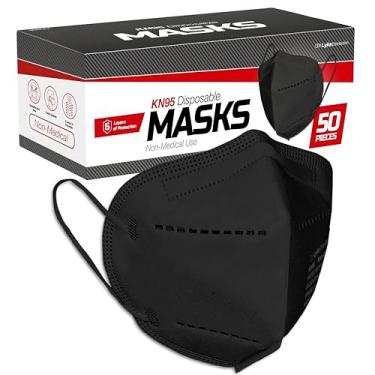 Imagem de Lyka Distribution Máscaras Faciais Pretas Kn95 - Pacote Com 50 Respiráveis Proteção De 5 Camadas, Filtragem 95%, Alça Elástica Confortável Para As Orelhas, Tecido Polipropileno Não (Preto)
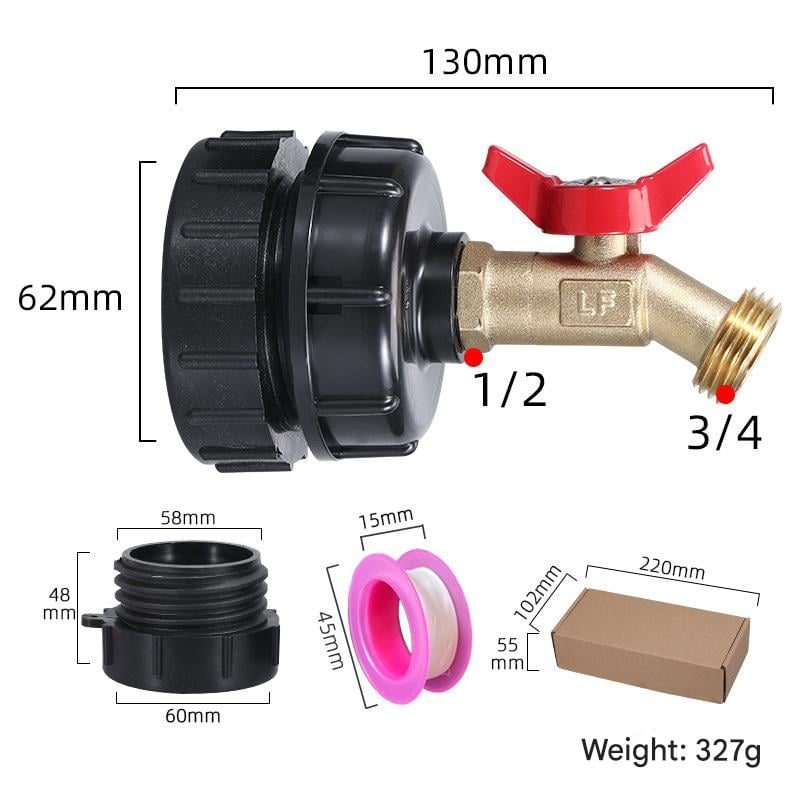 IBC Tote Adapter Kit with Brass Shut-Off Valve for Garden Hose
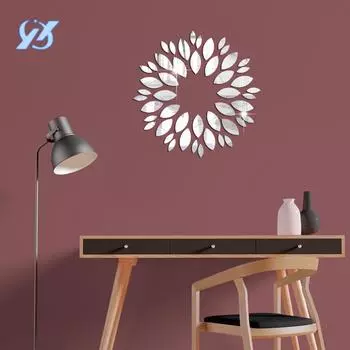 Креативные самодельные наклейки на зеркало с изображением подсолнечника для гостиной, спальни, украшения стен, настенные наклейки на фон телевизора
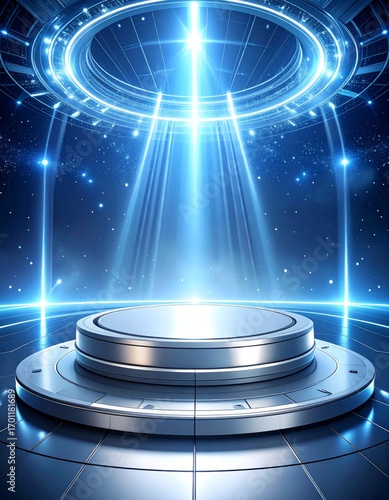Shiny Circular Platform with Blue Light Beams in Futuristic Dark Background
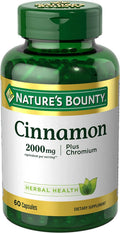 Nature's Bounty Cinnamon, 2000 mg, Plus Chromium, Capsules, 60 ea - OTC Shoppe Express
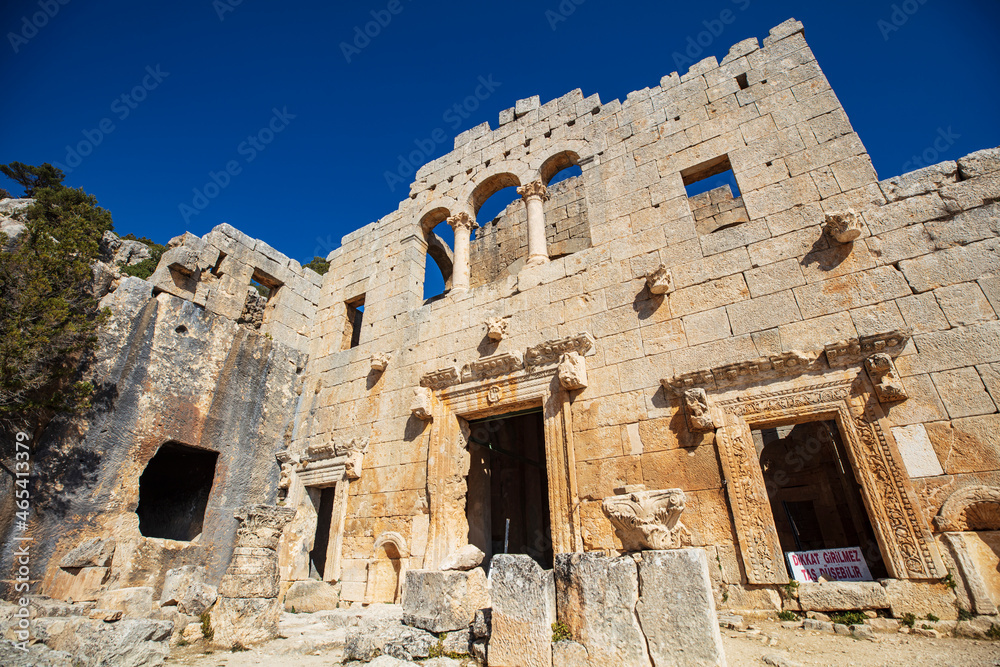 Alahan Monastery is a complex of fifth century buildings located in the mountains of Isauria in southern Asia Minor.Mut district of Mersin province,Turkey.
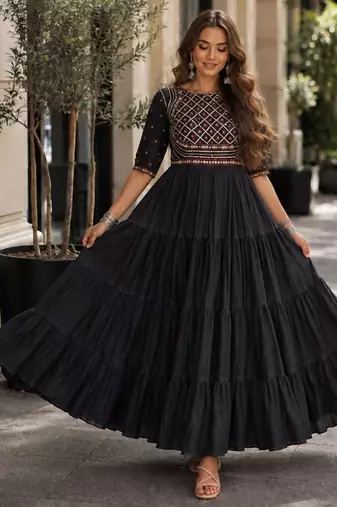 black cotton free size stitched navratri anarkali with multi thread  & gota patti work
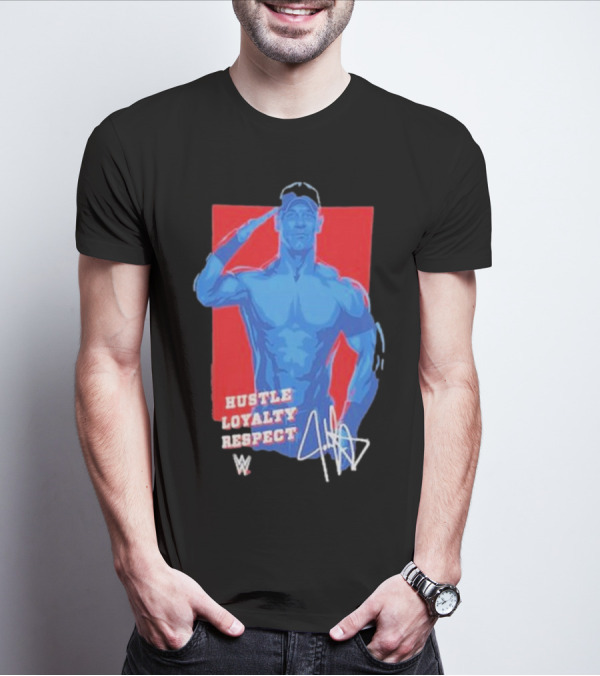 WWE John Cena Hustle Loyalty Respect Salute Signature T-Shirt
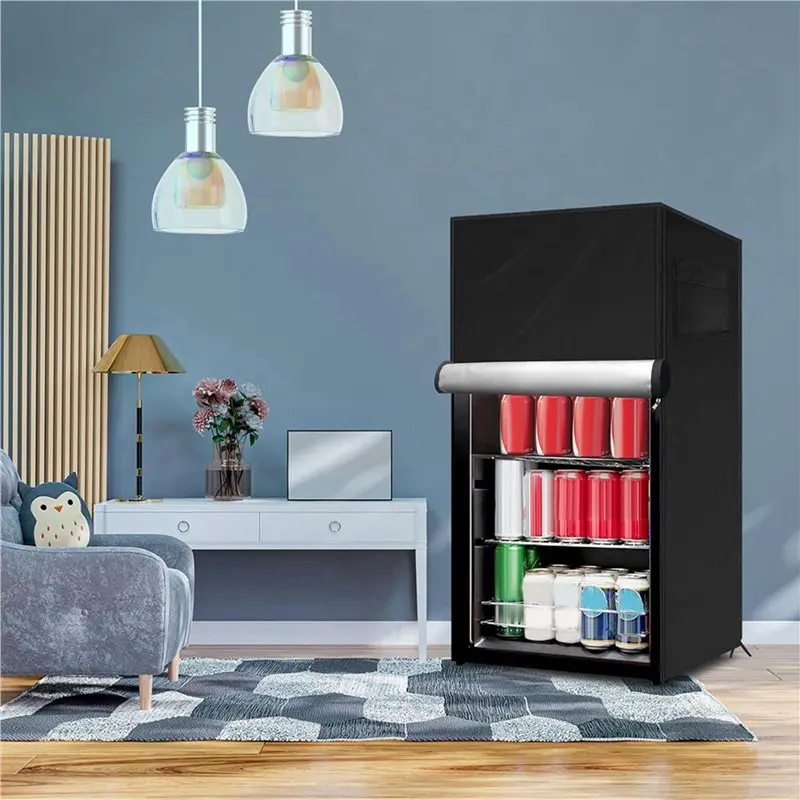 ABRT-2X Outdoor Refrigerator Cover, Waterproof Upright Mini Upright Freezers Cover, Beverage Beer Refrigerator Cover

• • • •

Give again the lines of the listing above that run from the one with "Nature's Bounty Cinnamon, 2000" up to and including the one with "Alahan Monastery is". Keep them exact and omit the pictures.

* Task solution *
 Nature's Bounty Cinnamon, 2000 mg, Plus Chromium, Capsules, 60 ea - OTC Shoppe Express
 Alahan Monastery is a complex of fifth century buildings located in the mountains of Isauria in southern Asia Minor.Mut district of Mersin province,Turkey.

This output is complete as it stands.